Most everyone has heard of large language models, or LLMs, since generative AI has entered our daily lexicon through its amazing text and image generating capabilities, and its promise as a revolution in how enterprises handle core business functions. Now, more than ever, the thought of talking to AI through a chat interface or have it perform specific tasks for you, is a tangible reality. Enormous strides are taking place to adopt this technology to positively impact daily experiences as individuals and consumers.
But what about in the world of voice? So much attention has been given to LLMs as a catalyst for enhanced generative AI chat capabilities that not many are talking about how it can be applied to voice-based conversational experiences. The modern contact center is currently dominated by rigid conversational experiences (yes, Interactive Voice Response or IVR is still the norm). Enter the world of Large Speech Models, or LSMs. Yes, LLMs have a more vocal cousin with benefits and possibilities you can expect from generative AI, but this time customers can interact with the assistant over the phone.
Over the past few months, IBM watsonx development teams and IBM Research have been hard at work developing a new, state-of-the-art Large Speech Model (LSM). Based on transformer technology, LSMs take vast amounts of training data and model parameters to deliver accuracy in speech recognition. Purpose-built for customer care use cases like self-service phone assistants and real-time call transcription, our LSM delivers highly advanced transcriptions out-of-the-box to create a seamless customer experience.
We are very excited to announce the deployment of new LSMs in English and Japanese, now available exclusively in closed beta to Watson Speech to Text and watsonx Assistant phone customers.
We can go on and on about how great these models are, but what it really comes down to is performance. Based on internal benchmarking, the new LSM is our most accurate speech model yet, outperforming OpenAI’s Whisper model on short-form English use cases. We compared the out-of-the-box performance of our English LSM with OpenAI’s Whisper model across five real customer use cases on the phone, and found the Word Error Rate (WER) of the IBM LSM to be 42% lower than that of the Whisper model (see footnote (1) for evaluation methodology).

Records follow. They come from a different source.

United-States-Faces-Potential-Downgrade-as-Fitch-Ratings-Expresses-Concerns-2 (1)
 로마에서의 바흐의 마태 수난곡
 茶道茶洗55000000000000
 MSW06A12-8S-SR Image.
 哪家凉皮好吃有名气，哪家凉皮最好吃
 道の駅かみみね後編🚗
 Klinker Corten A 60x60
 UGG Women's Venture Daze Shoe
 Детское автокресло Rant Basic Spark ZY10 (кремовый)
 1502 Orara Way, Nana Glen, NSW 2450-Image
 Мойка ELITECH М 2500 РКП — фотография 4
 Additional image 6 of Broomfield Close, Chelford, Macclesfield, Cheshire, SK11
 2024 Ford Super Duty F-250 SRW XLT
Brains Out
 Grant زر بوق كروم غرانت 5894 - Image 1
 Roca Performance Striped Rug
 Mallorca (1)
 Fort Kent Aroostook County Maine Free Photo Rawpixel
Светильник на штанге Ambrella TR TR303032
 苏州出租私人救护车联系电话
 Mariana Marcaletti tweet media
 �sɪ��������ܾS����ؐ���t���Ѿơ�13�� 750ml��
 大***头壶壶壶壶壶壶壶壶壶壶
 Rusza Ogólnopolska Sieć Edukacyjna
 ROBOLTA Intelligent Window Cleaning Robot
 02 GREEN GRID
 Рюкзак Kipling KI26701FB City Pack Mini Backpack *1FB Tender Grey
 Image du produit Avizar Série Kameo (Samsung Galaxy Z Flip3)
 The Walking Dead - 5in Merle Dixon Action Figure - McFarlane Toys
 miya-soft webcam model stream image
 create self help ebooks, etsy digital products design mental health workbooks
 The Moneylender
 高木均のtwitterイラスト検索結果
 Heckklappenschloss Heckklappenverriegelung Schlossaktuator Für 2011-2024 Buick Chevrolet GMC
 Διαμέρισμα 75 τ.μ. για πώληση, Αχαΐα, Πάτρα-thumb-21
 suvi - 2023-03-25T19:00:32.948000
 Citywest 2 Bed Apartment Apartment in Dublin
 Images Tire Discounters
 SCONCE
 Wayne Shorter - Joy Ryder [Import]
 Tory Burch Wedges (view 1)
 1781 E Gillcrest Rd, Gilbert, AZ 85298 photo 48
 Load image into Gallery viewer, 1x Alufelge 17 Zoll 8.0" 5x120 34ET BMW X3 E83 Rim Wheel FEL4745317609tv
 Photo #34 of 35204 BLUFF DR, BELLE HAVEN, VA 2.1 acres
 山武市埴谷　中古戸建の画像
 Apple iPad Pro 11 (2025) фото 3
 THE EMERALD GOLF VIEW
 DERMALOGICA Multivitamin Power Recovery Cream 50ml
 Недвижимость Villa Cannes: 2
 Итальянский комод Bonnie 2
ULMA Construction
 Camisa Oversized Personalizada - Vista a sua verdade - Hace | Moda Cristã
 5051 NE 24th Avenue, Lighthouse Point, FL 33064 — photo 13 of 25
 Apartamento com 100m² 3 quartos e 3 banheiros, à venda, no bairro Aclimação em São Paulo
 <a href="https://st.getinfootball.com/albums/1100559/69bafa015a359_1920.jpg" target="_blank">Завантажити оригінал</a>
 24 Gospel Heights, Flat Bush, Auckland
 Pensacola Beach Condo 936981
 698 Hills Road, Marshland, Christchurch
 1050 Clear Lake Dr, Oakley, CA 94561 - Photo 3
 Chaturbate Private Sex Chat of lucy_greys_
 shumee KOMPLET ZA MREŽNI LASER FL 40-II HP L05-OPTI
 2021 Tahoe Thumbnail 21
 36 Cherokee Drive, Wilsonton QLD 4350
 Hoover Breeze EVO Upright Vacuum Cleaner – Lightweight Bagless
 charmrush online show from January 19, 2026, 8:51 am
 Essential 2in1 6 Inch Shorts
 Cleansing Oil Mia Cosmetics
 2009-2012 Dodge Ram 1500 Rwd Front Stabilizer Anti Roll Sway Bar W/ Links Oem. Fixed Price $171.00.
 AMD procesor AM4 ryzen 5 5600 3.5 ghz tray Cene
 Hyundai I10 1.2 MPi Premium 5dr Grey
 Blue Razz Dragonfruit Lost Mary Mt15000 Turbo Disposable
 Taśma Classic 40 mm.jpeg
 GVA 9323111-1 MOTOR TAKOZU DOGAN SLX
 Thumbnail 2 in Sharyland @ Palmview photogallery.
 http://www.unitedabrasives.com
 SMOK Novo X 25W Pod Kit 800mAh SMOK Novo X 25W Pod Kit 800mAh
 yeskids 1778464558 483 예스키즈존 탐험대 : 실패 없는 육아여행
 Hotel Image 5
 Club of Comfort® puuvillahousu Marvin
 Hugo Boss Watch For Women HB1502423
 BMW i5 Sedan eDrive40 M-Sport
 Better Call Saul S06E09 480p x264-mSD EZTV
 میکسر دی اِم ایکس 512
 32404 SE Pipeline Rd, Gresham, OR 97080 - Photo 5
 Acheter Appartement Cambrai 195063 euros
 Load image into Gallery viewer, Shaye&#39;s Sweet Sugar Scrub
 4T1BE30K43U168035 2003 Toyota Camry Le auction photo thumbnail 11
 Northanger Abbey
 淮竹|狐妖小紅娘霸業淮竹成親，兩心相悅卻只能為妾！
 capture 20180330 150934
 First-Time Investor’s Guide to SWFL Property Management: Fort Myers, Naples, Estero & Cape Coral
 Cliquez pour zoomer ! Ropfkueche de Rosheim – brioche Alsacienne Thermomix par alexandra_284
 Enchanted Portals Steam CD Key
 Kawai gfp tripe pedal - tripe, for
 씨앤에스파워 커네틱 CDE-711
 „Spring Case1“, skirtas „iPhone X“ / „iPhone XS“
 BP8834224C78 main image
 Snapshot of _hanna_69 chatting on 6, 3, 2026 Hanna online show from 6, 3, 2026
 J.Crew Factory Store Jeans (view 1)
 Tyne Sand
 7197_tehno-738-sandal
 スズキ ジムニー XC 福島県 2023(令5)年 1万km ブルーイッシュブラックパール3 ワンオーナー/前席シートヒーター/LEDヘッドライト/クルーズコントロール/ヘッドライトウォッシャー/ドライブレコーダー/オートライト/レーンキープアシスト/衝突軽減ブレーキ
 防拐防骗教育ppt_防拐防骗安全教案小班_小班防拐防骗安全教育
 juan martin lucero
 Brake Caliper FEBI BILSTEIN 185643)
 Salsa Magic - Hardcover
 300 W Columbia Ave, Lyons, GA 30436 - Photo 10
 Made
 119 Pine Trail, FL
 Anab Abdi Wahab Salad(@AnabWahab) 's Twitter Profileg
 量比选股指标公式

IBM’s LSM is also 5x smaller than the Whisper model (5x fewer parameters), meaning it processes audio 10x faster when run on the same hardware. With streaming, the LSM will finish processing when the audio finishes; Whisper, on the other hand, processes audio in block mode (for example, 30-second intervals). Let’s look at an example — when processing an audio file that is shorter than 30 seconds, say 12 seconds, Whisper pads with silence but still takes the full 30 seconds to process; the IBM LSM will process after the 12 seconds of audio is complete.
These tests indicate that our LSM is highly accurate in the short-form. But there’s more. The LSM also showed comparable performance to Whisper´s accuracy on long-form use cases (like call analytics and call summarization) as shown in the chart below.
How can you get started with these models?
Apply for our closed beta user program and our Product Management team will reach out to you to schedule a call.As the IBM LSM is in closed beta, some features and functionalities are still in development2.
1 Methodology for benchmarking:
- Whisper model for comparison: medium.en
- Language assessed: US-English
- Metric used for comparison: Word Error Rate, commonly known as WER, is defined as the number of edit errors (substitutions, deletions, and insertions) divided by the number of words in the reference/human transcript.
- Prior to scoring, all machine transcripts were normalized using the whisper-normalizer to eliminate any formatting differences that might cause WER discrepancies.
2 IBM’s statements regarding its plans, direction, and intent are subject to change or withdrawal without notice at IBM’s sole discretion. The information mentioned regarding potential future product is not a commitment, promise, or legal obligation to deliver any material, code or functionality. The development, release, and timing of any future features or functionality remains at IBM’s sole discretion.